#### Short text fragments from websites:
○ ○ ○ ○ ○ ○ ○

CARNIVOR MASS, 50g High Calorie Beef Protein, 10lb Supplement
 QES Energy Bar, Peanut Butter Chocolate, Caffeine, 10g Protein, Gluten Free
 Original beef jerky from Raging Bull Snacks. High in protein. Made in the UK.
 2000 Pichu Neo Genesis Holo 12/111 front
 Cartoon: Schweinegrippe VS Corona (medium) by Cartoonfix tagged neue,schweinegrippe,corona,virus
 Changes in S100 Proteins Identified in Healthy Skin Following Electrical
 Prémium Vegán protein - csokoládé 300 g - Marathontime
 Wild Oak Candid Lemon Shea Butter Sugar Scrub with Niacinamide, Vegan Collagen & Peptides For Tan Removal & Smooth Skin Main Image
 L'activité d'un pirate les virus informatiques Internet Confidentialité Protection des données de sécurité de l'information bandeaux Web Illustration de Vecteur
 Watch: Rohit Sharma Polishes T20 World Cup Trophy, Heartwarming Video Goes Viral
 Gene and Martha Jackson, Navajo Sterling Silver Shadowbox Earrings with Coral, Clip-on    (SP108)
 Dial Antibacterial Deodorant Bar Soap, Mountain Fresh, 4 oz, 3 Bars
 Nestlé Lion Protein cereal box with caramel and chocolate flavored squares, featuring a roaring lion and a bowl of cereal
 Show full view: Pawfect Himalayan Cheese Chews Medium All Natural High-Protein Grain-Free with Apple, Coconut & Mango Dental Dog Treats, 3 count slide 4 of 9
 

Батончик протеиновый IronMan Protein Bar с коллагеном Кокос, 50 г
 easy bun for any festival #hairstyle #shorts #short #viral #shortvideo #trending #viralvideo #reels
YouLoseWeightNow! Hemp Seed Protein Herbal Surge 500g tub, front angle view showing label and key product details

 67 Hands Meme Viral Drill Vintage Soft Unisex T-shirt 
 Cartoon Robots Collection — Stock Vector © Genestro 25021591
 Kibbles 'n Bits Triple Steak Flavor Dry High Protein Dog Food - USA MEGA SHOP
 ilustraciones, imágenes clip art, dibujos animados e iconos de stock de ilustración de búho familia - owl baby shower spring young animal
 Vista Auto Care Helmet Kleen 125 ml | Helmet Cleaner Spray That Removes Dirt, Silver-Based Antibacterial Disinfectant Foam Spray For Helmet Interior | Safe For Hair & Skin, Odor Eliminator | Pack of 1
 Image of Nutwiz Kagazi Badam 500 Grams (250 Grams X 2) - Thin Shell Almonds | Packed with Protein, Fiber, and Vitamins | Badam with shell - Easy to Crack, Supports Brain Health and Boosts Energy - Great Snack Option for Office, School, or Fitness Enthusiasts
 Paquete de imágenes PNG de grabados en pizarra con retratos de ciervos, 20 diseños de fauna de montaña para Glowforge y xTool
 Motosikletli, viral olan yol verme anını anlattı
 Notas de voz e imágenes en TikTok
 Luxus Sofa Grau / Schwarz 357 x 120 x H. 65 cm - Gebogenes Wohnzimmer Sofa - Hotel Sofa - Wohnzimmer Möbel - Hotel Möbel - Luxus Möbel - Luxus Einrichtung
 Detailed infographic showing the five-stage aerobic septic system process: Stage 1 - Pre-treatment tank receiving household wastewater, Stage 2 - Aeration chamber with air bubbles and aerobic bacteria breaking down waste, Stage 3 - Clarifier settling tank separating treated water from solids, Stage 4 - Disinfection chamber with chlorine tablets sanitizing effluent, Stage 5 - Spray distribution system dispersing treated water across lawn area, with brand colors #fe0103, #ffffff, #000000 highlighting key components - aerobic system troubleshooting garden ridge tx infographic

○ ○ ○ ○ ○ ○ ○

#### REQUIRED WORK:
From the entries above, copy each line holding "Spray".

#### RESULT BELOW:
 Vista Auto Care Helmet Kleen 125 ml | Helmet Cleaner Spray That Removes Dirt, Silver-Based Antibacterial Disinfectant Foam Spray For Helmet Interior | Safe For Hair & Skin, Odor Eliminator | Pack of 1
 Detailed infographic showing the five-stage aerobic septic system process: Stage 1 - Pre-treatment tank receiving household wastewater, Stage 2 - Aeration chamber with air bubbles and aerobic bacteria breaking down waste, Stage 3 - Clarifier settling tank separating treated water from solids, Stage 4 - Disinfection chamber with chlorine tablets sanitizing effluent, Stage 5 - Spray distribution system dispersing treated water across lawn area, with brand colors #fe0103, #ffffff, #000000 highlighting key components - aerobic system troubleshooting garden ridge tx infographic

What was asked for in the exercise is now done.